RECORD EXCERPTS –

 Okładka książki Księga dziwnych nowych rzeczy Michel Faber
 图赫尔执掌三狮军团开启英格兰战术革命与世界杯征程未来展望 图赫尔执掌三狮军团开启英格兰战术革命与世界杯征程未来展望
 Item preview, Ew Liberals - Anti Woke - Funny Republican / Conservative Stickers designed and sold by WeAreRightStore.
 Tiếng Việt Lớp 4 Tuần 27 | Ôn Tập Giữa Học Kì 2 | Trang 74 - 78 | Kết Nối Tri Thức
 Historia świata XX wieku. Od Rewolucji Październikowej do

==

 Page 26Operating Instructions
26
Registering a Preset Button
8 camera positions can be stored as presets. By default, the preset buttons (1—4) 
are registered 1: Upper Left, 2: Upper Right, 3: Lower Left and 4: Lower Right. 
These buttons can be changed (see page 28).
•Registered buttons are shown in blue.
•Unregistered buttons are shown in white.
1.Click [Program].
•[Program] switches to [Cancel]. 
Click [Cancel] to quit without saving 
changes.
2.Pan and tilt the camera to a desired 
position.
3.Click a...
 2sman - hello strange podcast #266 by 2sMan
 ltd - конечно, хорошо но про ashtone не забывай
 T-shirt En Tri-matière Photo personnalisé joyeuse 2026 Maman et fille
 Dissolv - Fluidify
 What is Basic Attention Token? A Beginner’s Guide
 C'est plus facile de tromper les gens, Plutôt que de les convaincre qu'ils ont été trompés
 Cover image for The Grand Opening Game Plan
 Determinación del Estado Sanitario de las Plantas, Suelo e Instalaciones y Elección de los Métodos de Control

EXERCISE –
For each line in the data that holds the word "Program", copy the line.

ANSWER SPACE –
1.Click [Program].
•[Program] switches to [Cancel]. 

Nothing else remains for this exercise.